### Problem:
Please take the lines from the one holding "A home with" through the one holding "Charcoal Grey Leather" in the data below and copy them exactly.

### Information shown:

-- Opening Marker --

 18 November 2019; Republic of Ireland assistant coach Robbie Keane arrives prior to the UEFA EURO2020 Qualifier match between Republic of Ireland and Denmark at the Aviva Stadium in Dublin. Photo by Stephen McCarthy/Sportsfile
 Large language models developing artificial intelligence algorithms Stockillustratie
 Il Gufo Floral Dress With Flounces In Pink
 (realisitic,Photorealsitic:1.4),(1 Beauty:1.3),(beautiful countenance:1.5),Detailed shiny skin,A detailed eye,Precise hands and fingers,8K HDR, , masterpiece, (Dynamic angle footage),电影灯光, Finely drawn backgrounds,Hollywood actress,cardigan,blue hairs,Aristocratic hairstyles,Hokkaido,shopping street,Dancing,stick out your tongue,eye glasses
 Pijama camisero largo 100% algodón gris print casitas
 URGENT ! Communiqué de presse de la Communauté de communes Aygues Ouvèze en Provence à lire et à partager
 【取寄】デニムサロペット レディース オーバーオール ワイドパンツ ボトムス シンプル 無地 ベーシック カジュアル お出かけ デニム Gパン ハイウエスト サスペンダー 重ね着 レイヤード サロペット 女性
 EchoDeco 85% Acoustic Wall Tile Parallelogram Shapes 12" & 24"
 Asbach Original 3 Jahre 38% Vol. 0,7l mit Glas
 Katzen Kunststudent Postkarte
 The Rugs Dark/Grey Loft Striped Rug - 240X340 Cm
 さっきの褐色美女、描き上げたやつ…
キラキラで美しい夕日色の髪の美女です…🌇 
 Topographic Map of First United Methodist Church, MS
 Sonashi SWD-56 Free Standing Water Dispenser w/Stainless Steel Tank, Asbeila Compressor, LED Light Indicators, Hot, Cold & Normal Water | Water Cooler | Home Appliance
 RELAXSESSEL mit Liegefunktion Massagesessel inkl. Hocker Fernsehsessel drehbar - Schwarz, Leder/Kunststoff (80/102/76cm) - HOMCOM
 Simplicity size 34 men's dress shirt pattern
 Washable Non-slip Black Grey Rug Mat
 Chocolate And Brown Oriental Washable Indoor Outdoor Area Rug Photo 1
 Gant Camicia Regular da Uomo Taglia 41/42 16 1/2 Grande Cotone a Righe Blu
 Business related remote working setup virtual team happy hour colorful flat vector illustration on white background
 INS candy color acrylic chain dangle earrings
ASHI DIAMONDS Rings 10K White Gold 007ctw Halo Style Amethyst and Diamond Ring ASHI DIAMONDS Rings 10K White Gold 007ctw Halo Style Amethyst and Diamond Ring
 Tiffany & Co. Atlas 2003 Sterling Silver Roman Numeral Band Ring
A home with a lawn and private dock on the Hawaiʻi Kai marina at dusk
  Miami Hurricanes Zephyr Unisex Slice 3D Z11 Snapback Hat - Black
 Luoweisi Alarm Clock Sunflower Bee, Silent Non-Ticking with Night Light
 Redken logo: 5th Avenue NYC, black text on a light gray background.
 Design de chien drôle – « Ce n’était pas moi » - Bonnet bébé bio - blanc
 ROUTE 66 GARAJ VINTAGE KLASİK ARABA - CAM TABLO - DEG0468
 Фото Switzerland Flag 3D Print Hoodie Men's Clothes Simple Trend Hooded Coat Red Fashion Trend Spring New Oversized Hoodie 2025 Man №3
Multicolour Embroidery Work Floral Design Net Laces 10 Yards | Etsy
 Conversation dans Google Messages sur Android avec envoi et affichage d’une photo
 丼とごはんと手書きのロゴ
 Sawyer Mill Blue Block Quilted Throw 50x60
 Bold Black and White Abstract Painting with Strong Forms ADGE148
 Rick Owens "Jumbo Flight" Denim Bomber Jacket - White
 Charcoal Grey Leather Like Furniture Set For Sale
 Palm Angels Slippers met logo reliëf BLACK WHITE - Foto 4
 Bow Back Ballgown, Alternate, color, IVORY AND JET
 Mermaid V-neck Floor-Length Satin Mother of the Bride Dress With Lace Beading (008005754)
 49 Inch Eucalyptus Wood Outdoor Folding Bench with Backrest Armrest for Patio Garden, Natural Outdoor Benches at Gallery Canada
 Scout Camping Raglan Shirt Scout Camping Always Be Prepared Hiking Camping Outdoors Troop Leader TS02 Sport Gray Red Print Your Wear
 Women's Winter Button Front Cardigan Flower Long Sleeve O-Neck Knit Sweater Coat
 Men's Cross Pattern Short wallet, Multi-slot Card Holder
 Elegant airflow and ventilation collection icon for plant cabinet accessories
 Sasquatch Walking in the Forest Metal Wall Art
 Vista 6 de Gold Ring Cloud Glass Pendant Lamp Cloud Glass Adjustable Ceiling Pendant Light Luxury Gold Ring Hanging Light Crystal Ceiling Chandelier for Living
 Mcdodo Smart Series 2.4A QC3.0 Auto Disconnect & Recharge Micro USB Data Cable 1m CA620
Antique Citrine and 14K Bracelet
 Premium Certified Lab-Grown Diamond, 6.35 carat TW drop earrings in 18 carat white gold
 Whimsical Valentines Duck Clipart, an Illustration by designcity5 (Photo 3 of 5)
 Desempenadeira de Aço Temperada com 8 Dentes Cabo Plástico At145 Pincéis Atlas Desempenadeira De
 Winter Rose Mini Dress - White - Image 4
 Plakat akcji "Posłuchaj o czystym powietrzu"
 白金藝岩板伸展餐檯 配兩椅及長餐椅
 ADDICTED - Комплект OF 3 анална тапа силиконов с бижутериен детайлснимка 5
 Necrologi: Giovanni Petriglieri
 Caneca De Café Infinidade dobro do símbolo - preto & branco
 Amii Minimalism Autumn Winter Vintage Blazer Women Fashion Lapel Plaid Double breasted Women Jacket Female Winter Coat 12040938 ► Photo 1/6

-- Closing Marker --

### Answer to this task:
A home with a lawn and private dock on the Hawaiʻi Kai marina at dusk
  Miami Hurricanes Zephyr Unisex Slice 3D Z11 Snapback Hat - Black
 Luoweisi Alarm Clock Sunflower Bee, Silent Non-Ticking with Night Light
 Redken logo: 5th Avenue NYC, black text on a light gray background.
 Design de chien drôle – « Ce n’était pas moi » - Bonnet bébé bio - blanc
 ROUTE 66 GARAJ VINTAGE KLASİK ARABA - CAM TABLO - DEG0468
 Фото Switzerland Flag 3D Print Hoodie Men's Clothes Simple Trend Hooded Coat Red Fashion Trend Spring New Oversized Hoodie 2025 Man №3
Multicolour Embroidery Work Floral Design Net Laces 10 Yards | Etsy
 Conversation dans Google Messages sur Android avec envoi et affichage d’une photo
 丼とごはんと手書きのロゴ
 Sawyer Mill Blue Block Quilted Throw 50x60
 Bold Black and White Abstract Painting with Strong Forms ADGE148
 Rick Owens "Jumbo Flight" Denim Bomber Jacket - White
 Charcoal Grey Leather Like Furniture Set For Sale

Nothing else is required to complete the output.